[TUHS] Disassemblers

Clem Cole clemc at ccc.com
Sun Jun 20 01:54:15 AEST 2021


On Sat, Jun 19, 2021 at 11:05 AM Henry Bent <henry.r.bent at gmail.com> wrote:

> From what I can gather the only way to reasonably examine the disassembly
> of a program in the early days of Unix was adb.  Is this true?
>
>From Research, yes - although sdb and later dbx could do it also I think.
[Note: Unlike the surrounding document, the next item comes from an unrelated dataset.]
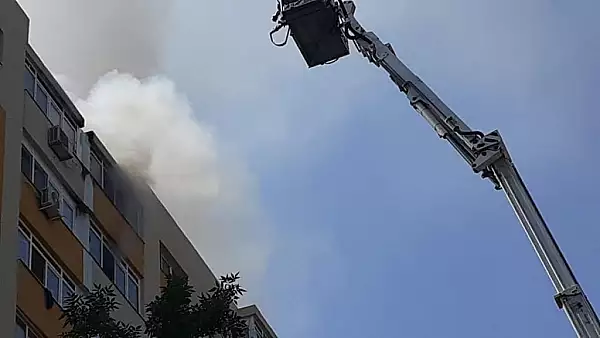 Incendiu cu mari degajari de fum in Bucuresti. Intreaga fatada a unui bloc arde FOTO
> Was there a way to easily produce a full disassembly?
>
Yes, look at the contents in the early USENIX (Harvard) tape.  IIRC: Along
with the macro-11 assembler and linker, there was also a disassembler -- I
want to say it was done at Cooper Union, but it may have been
someone else[The CU folks got the DEC PDP-10 BLISS binary to run on an
emulator 'good enough' on their 11/45 to they could 'port' the DEC Fortran
compiler to V6.  They used/built up PDP-11 tools to support that project].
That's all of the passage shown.